The court ordered the attorney to either enter a formal appearance for the litigant or to stop communicating with her about the case.

We offer this article without comment at this time since it seems clear that the court will be heard from again on this rather unique issue in the near future. 

Employment Lawyers: Some of the Best May Not Be the Best Known

A recent Law.com article took an interesting look at the question of who are California's best management side employment lawyers.

Ask anyone who's the best trial lawyer or the best IP litigator in California, and you'll probably hear the names of well-known, $700-per-hour senior rainmakers at California's largest law firms.

But there are a great many superb lawyers practicing outside the headlines at smaller firms all over the state or in more junior positions at the megafirms. They may not have the same name recognition -- but they also don't usually come with the same price tag.

Thus began the quest to identify high quality but lesser known employment lawyers.

Law.com highlighted four; who they are is not important for purposes of this post. Why they are well regarded is. Here are some of the common threads.

First, their rates are usually lower --- sometimes much lower --- than those found in the larger firms.

Second, they are highly competent. Often they are alumni of the larger firms who have left to establish their own practices.

Third, they work with focus and efficiency. As one said, "One of the things that seems to resonate with my clients a lot, I do what needs to be done to win -- not everything that can be done."

Fourth, they offer clients real solutions to business problems, not theorizing or temporizing. In other words, they give specific, practical answers to managers who need them.

The article was limited to California, but it's reasonable to think that there are similar attorneys in the other 49 states as well.

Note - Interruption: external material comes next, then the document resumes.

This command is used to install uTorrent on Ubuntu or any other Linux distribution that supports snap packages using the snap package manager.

The question is how to find them.

More on that in another post soon.

Super No Longer

The New Jersey Supreme Court's Committee on Lawyer Advertising has yanked the capes off of the backs of so-called "Super Lawyers." In Opinion 39, the Committee found that the Super Lawyer designation is just a self-congratulatory paid advertisement that unethically seeks to convey the impression that the "Super Lawyer" is more qualified than other lawyers who practice in the same area.

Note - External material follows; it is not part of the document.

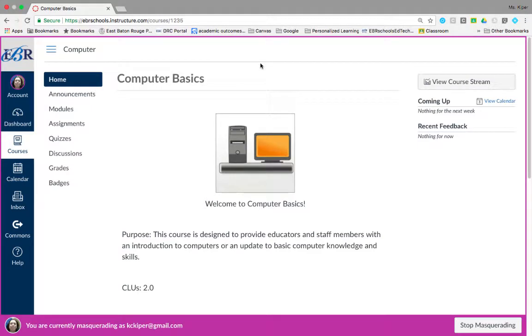The purpose of this tutorial is to show you how to navigate a course in Canvas as a student. Once inside of your course, you will find yourself at your course home page.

Although recently published, Opinion 39 already has drawn considerable attention, such as here and here.

The Committee based its decision, among other things, on the following.

Such titles or descriptions . . . lack both court approval and objective verification of the lawyer's ability. These self-aggrandizing titles have the potential to lead an unwary consumer to believe that the lawyers so described are, by virtue of this manufactured title, superior to their colleagues who practice in the same area of law.
When a potential client reads such advertising and considers hiring a "super" attorney, the superlative designation induces the client to feel that the results that can be achieved by this attorney are likely to surpass those that can be achieved by a mere "ordinary" attorney. This simplistic use of a media-generated sound bite title clearly has the capacity to materially mislead the public.

Do you question the Committee's premise? One look at the Super Lawyers website will convince you otherwise. There you will find a banner that touts their advertisers as "Seriously Outstanding - The Top 5%."

It seems not to be a coincidence that most (though not all) New Jersey "Super Lawyers" come from the state's larger firms. That, after all, is where most of the advertising dollars are.

We know that a lot of "super" (and cost-effective) legal work is being done by small firms that often are founded and staffed by refugees from the big firms. And that market their services responsibly by educating their prospective clients and demonstrating their expertise, rather than through the artifice of invented self-congratulatory titles.

While I often disagree with restrictions that the New Jersey courts have placed on attorney advertising, I have a one-word evaluation of the "Super Lawyer" prohibition: good.

The legal profession and the public are better off without Super Lawyers. Regular old lawyers have served us just fine through the years.